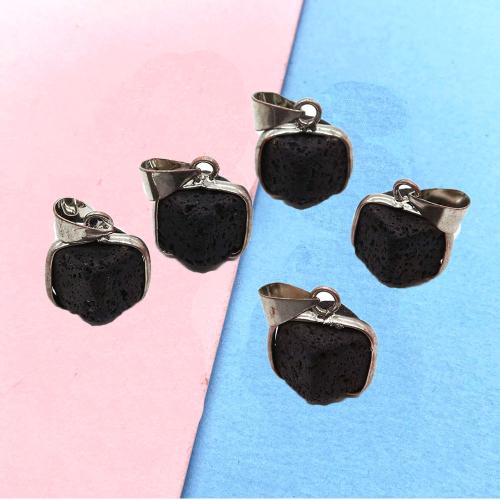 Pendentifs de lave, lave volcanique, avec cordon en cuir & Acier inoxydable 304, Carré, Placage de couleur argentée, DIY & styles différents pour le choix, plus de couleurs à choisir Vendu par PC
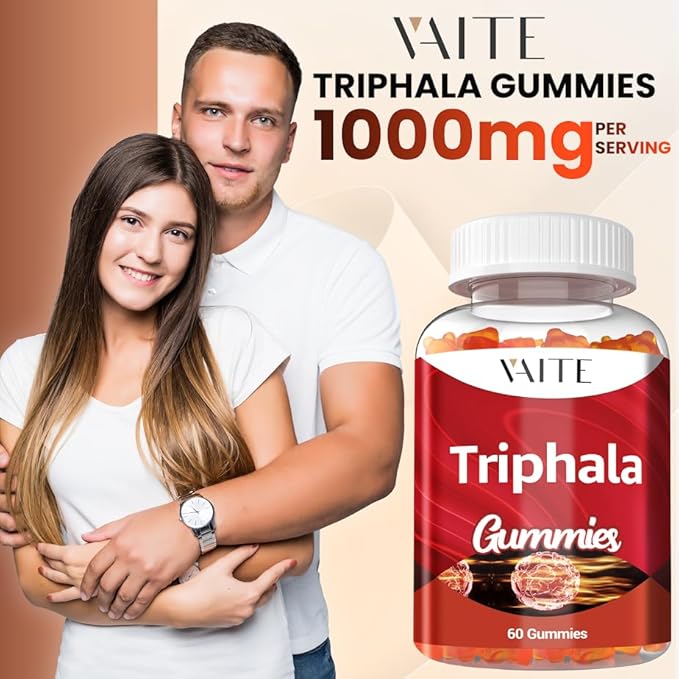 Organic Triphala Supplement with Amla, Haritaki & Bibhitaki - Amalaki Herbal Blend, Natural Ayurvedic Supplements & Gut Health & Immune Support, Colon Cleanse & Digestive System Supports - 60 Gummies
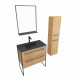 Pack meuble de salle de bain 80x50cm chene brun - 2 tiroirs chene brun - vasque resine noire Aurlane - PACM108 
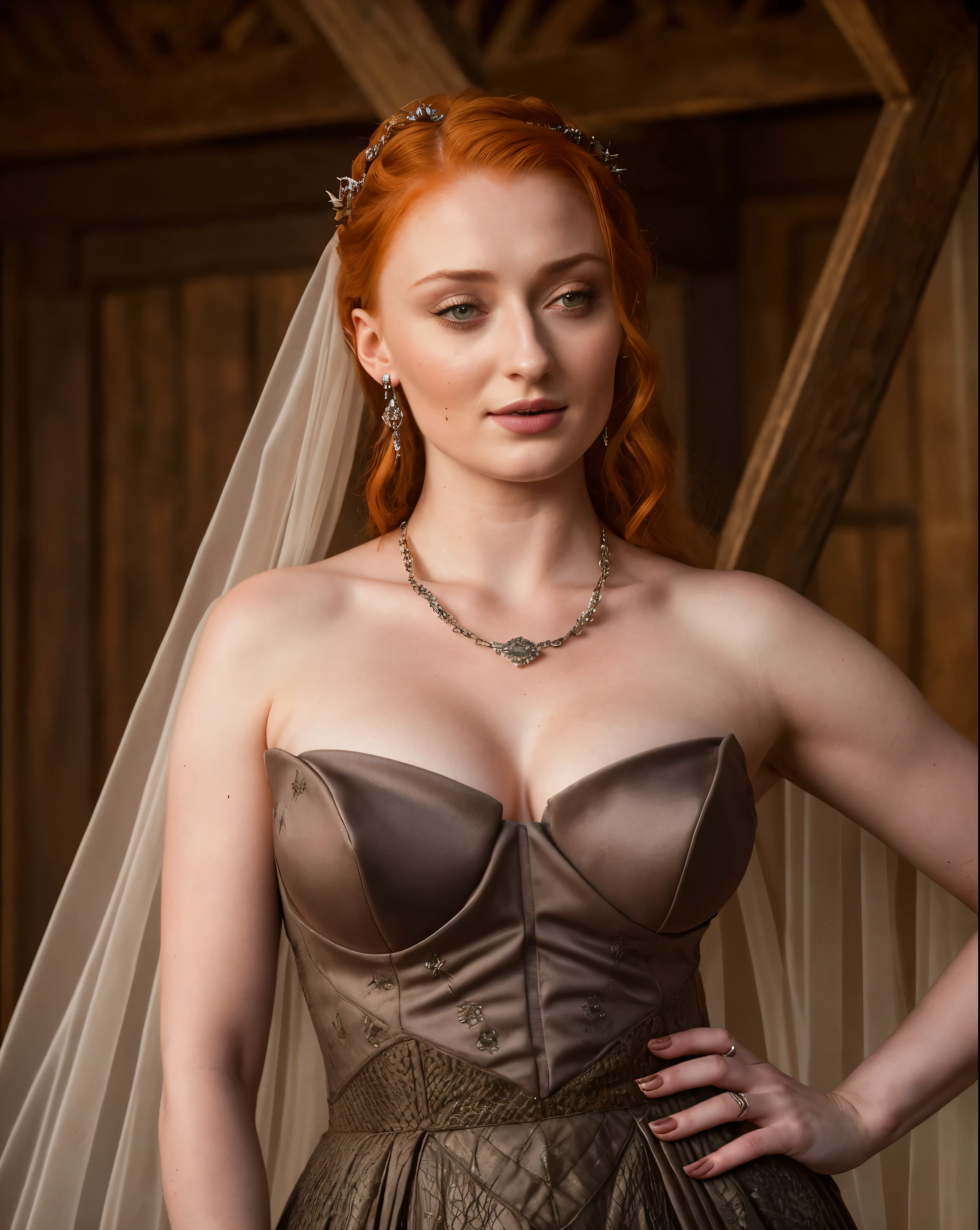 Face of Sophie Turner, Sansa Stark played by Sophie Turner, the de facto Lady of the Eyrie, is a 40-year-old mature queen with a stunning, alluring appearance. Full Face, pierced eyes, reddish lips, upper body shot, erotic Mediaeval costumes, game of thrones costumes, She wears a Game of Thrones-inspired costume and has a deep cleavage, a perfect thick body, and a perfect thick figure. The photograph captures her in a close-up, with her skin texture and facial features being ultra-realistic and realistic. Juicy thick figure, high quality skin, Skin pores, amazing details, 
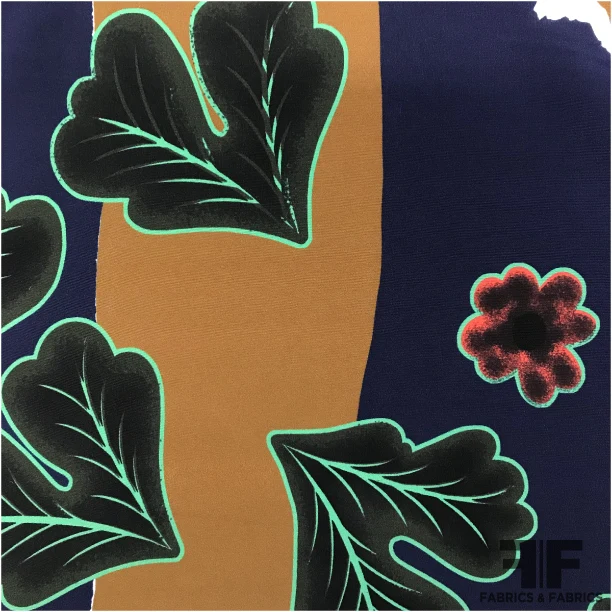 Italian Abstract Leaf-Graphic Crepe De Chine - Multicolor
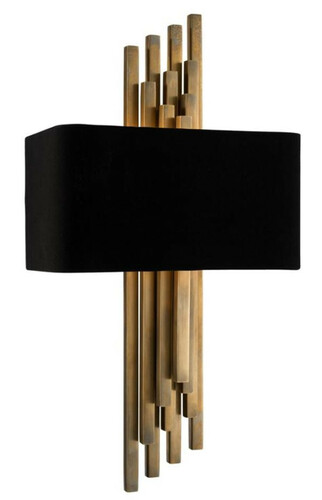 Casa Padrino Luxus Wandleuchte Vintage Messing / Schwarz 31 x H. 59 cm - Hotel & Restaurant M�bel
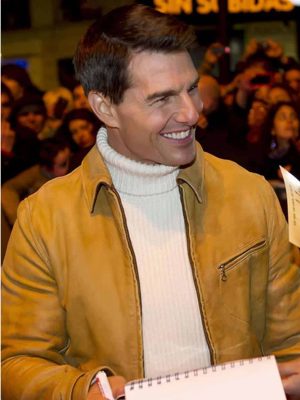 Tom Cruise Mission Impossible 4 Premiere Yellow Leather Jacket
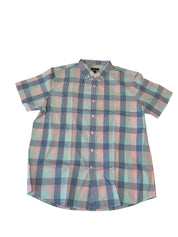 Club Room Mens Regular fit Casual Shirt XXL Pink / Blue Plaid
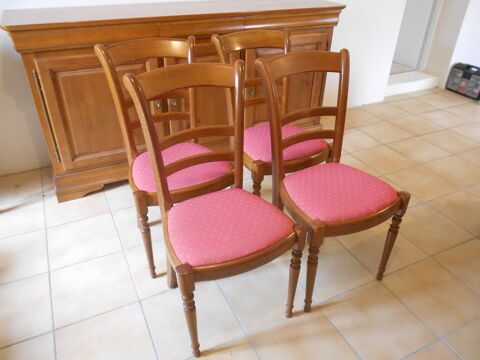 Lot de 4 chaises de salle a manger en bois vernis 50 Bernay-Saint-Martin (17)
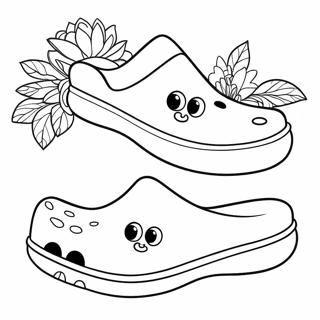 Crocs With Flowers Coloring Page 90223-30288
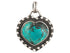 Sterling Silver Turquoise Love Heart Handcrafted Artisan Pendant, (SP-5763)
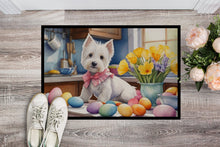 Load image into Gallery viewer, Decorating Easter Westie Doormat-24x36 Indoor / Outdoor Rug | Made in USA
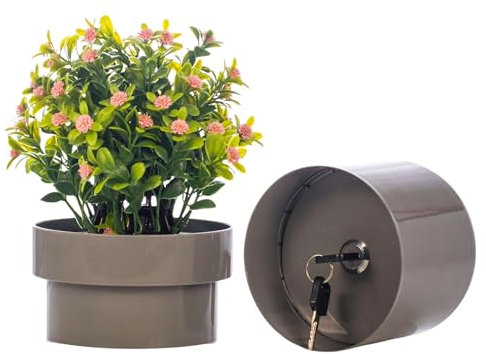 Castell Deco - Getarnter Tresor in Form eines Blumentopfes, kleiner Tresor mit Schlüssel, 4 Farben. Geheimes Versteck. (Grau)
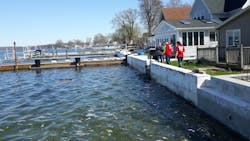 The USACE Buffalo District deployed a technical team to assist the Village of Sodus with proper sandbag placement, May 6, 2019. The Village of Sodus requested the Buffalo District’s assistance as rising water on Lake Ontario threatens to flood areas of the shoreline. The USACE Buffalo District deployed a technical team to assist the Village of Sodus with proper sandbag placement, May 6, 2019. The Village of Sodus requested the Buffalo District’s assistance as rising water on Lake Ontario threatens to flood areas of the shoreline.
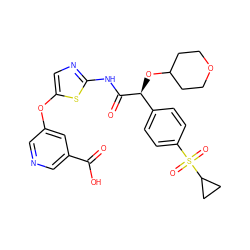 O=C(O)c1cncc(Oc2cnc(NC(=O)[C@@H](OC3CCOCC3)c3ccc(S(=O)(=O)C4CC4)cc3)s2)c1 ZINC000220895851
******************************
PROMPT – Going by the data above, the answer is exactly the lines from the one holding "Lot de 4 chaises" to the one holding "Sterling Silver Turquoise", both kept, with the pictures left out.

ANSWER AREA –
 Lot de 4 chaises de salle a manger en bois vernis 50 Bernay-Saint-Martin (17)
 Crocs With Flowers Coloring Page 90223-30288
 Sterling Silver Turquoise Love Heart Handcrafted Artisan Pendant, (SP-5763)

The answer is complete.